March 1, 1985 | The Sure Thing is a nice, sweet-natured, generally unremarkable movie that’s as comfy-cozy and satisfying as a warm bath. The biggest surprise is that it comes to us from Rob Reiner, director of last year’s audacious and inventive This is Spinal Tap, a spoof of “rockumentaries.” Reiner, the erstwhile Meathead of TV’s All in the Family, has returned to his sitcom roots for his second feature, a predictable romantic comedy. He takes no big risks in Sure Thing. But, to give him proper credit, he makes no big mistakes, either.
Yet another coming-of-age story, Sure Thing is a tale of attracted and attractive opposites. Walter “Gib” Gibson, something of a minor-league make-out artist during his high school days, finds himself in a slump during his freshman year at an Ivy League college. So when his best friend invites him to visit California during Christmas break, for a chance to meet a blonde described as “a sure thing,” Gib checks the campus bulletin board for a ride to the West Coast. Naturally, he winds up making the journey with Alison Bradbury, a preppy, proper young lady who shares an English class and little else with Gib. Just as naturally, Alison winds up preferring the often raucous but basically sensitive Gib to her straight-laced, law school-bound boyfriend in L.A.
Call this an undergraduate version of It Happened One Night and you won’t be far off the mark. Reiner and his scriptwriters maneuver the bumpy road to true love with tact and good taste, veering away from the gross-out humor and leering lewdness that often characterize movies aimed at the youth market. Better still, the filmmakers ring some interesting changes on the conventions of the coming-of-age genre. Our hero, Gib, isn’t a virgin, and he doesn’t get to make love to the girl of his dreams. (He’s not really much of a hellraiser, despite his ravenous appetite for beer and junk food.) Our heroine, Alison, appears to be more sexually experienced than her leading man. And the party animals celebrated in movies like Porky’s (and even Animal House) are made to seem pretty foolish here.

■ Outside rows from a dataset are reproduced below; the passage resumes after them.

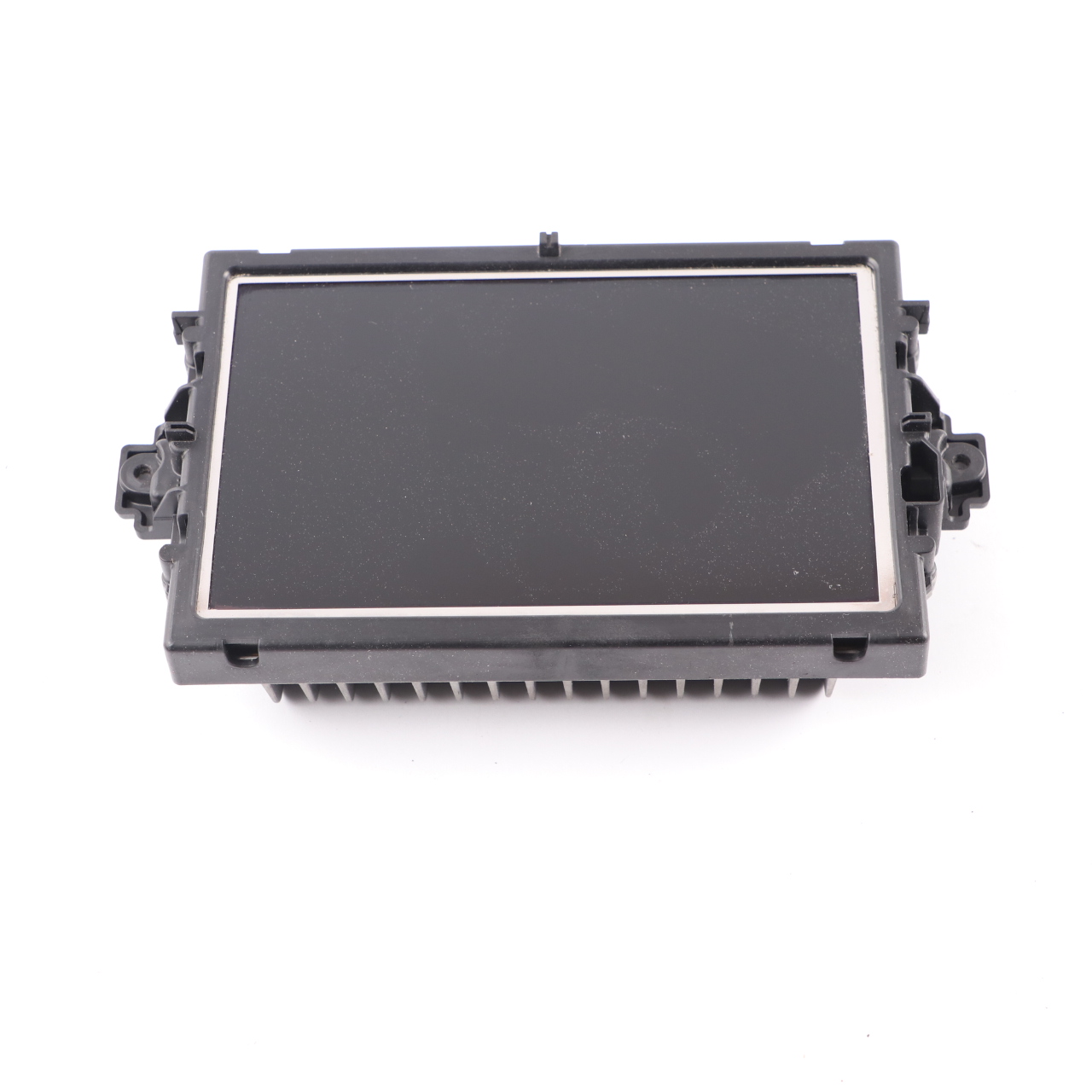 Mercedes W166 W204 Wyświetlacz Ekran Monitor Nawigacja A1729008500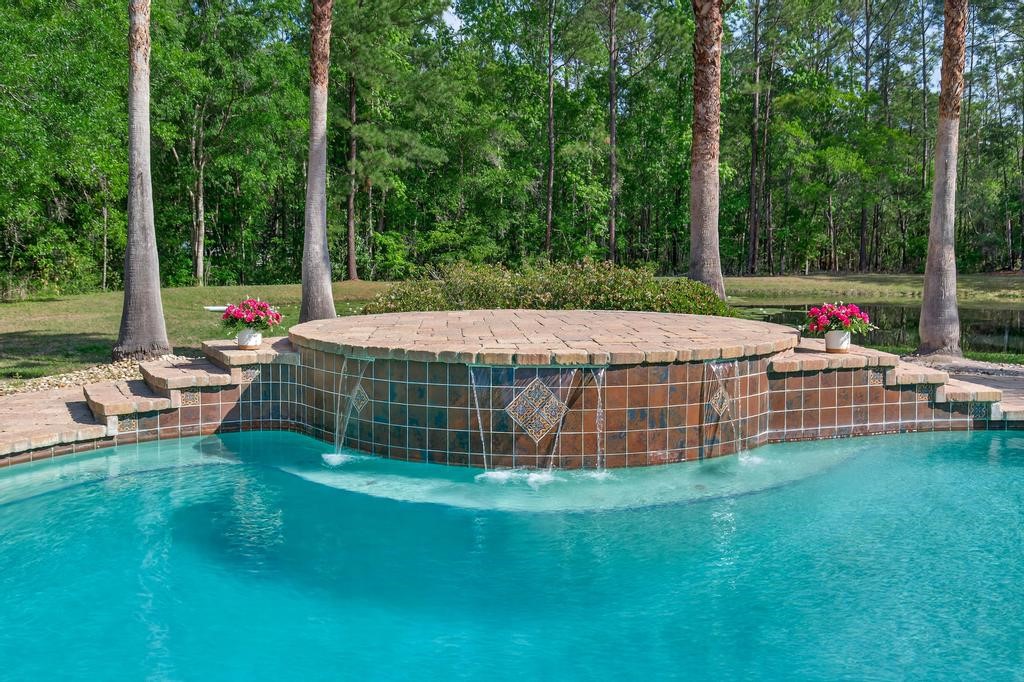 7543 Glynn Allyn Road Macclenny, FL 32063 - Photo 82 of 96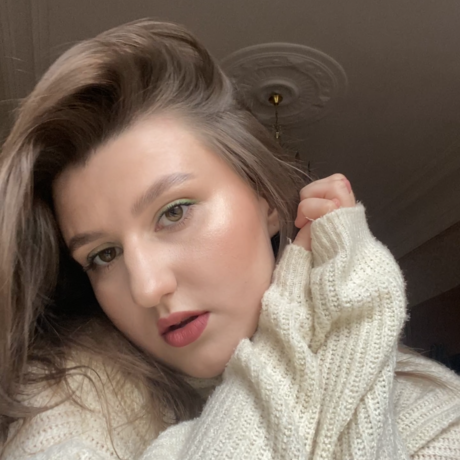 878d33a1 ecc2 4ed8 8fe4 fe8203550064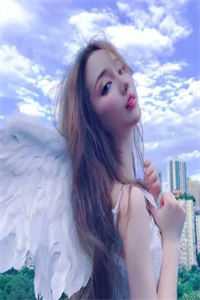 离婚后，我成了前妻高攀不起的神结局+番外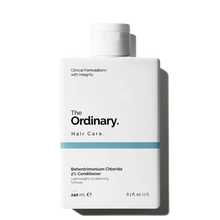 Behentrimonium Chloride 2% Conditioner K3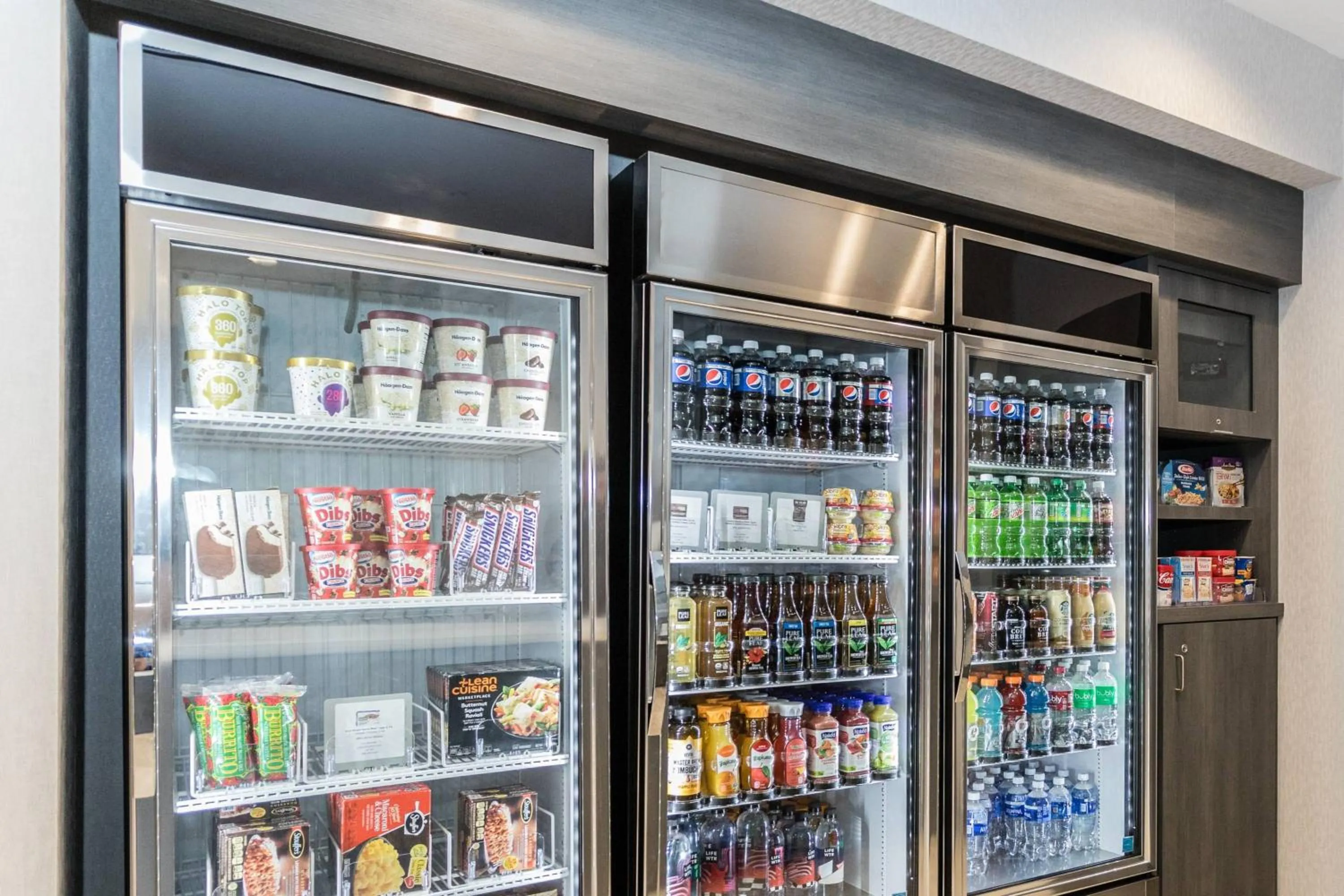 Other in TownePlace Suites Port St. Lucie I-95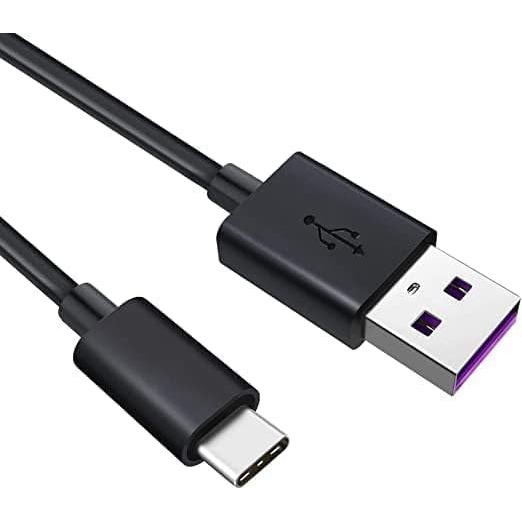 Adaptador AC/DC 5V + Cable USB C eeTao para Tribit Stormbox Micro2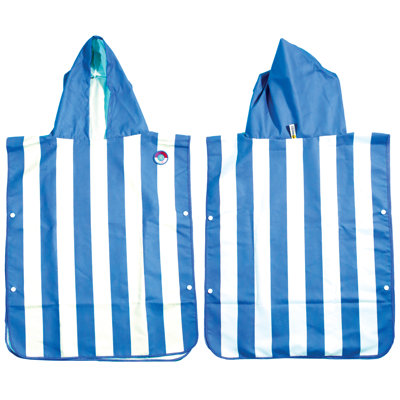 Beach Towel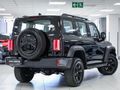 2026 GWM Tank 300 2.4TD Super-Luxury 4x4 Auto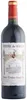 Tertre du Moulin Saint Emilion Grand Cru Bordeaux AOP Produktbild-Vorschau 1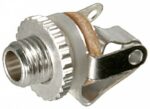 Σασί για Jack 3.5mm Stereo - Image 2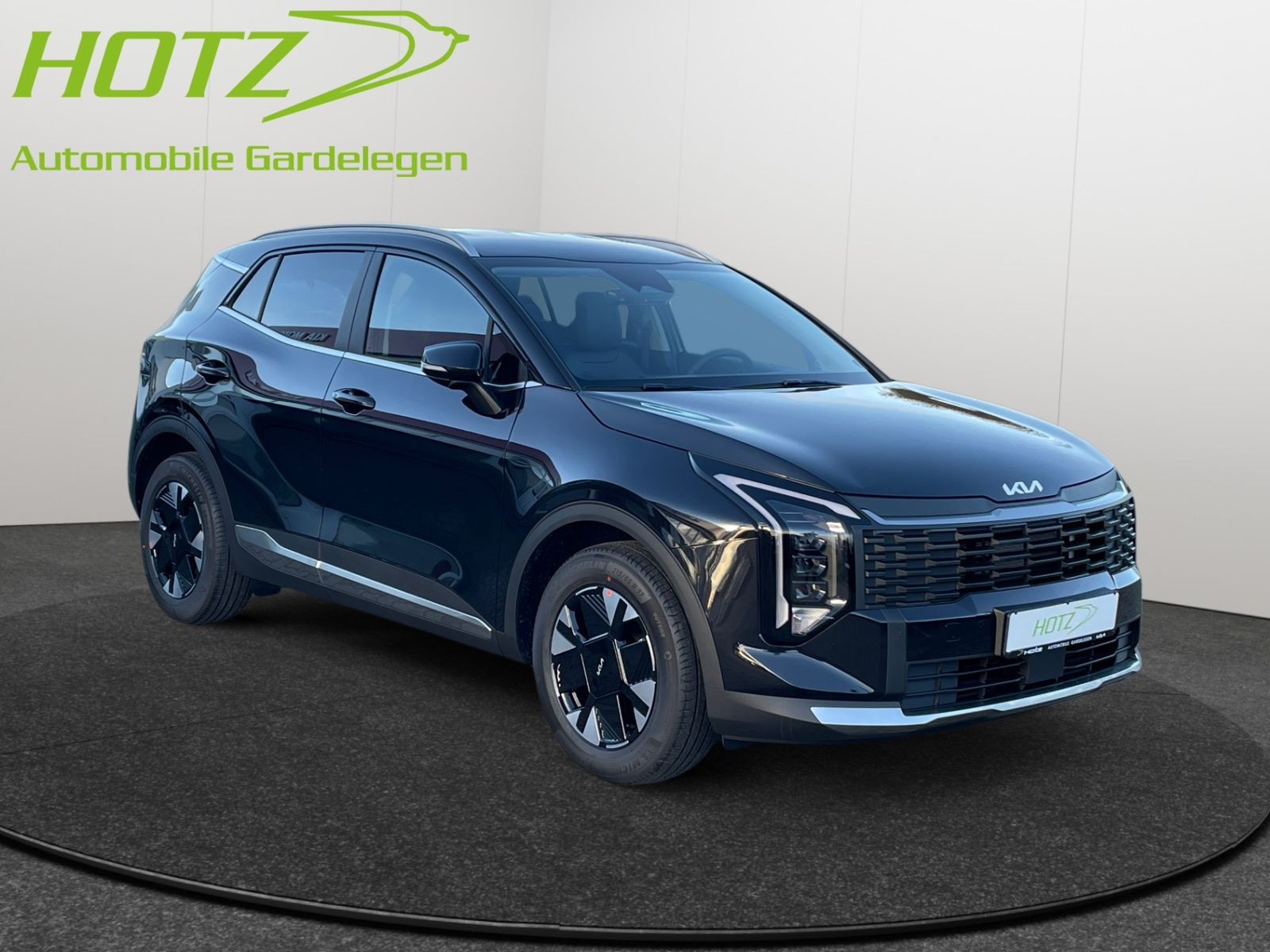 diagonal-frontansicht-aussen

As Gib, John Cusack makes an agreeable impression, even though he sounds a bit too much like an ersatz Bill Murray during some comic monologues. He is most convincing, and endearing, when he is at his klutziest around co-star Daphne Zuniga, who plays Alison. Zuniga, the high-school newspaper reporter in Vision Quest, hits the right balance of buttoned-down propriety and small- scale rebellion, making Alison a conventional young woman who’d like to consider herself a spontaneous free spirit. (“On a tour of Graceland,” she says, “I passed out in Elvis’ bedroom.”)
Anthony Edwards, last seen in Revenge of the Nerds, has some funny moments as Lance, Gib’s determinedly hedonistic best friend. (He dismisses Ivy League colleges as havens for “those ugly intellectual girls who have Band-Aids on their knees from playing the cello.”) As the beautiful but vacuous sure thing of the title, newcomer Nicollette Sheridan has little to do but look great in a bikini. She does.
Basically, The Sure Thing is an old-fashioned morality play, cautioning against the evils of sex without love. It’s also a cross-country road movie, though not an especially credible one. (The Midwest looks mighty green during what is supposedly late December.) If it’s a hit, it will be because real-life Alisons are flocking to see it with their boyfriends. Real-life Gibs probably won’t go -- they’ll stay home and wait for the next Porky’s sequel.